## Work required:
Copy, word for word, the lines of the entries below between the one with "Loro Piana Summer Walk Crisscross Mules" and the one with "Welding Gloves 2", inclusive, and leave out everything else.

## Data to process:
┌────────

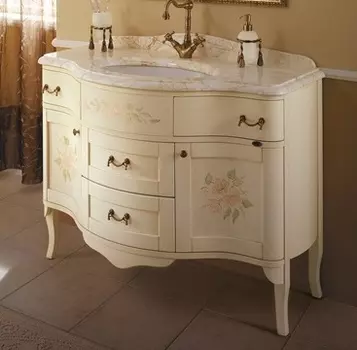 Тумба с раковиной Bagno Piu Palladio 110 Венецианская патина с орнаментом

└────────
┌────────

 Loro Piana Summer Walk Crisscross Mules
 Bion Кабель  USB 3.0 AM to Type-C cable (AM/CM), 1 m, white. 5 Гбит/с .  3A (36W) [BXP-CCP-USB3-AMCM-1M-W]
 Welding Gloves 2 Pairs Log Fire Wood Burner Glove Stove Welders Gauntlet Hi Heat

└────────

## Exercise output:
 Loro Piana Summer Walk Crisscross Mules
 Bion Кабель  USB 3.0 AM to Type-C cable (AM/CM), 1 m, white. 5 Гбит/с .  3A (36W) [BXP-CCP-USB3-AMCM-1M-W]
 Welding Gloves 2 Pairs Log Fire Wood Burner Glove Stove Welders Gauntlet Hi Heat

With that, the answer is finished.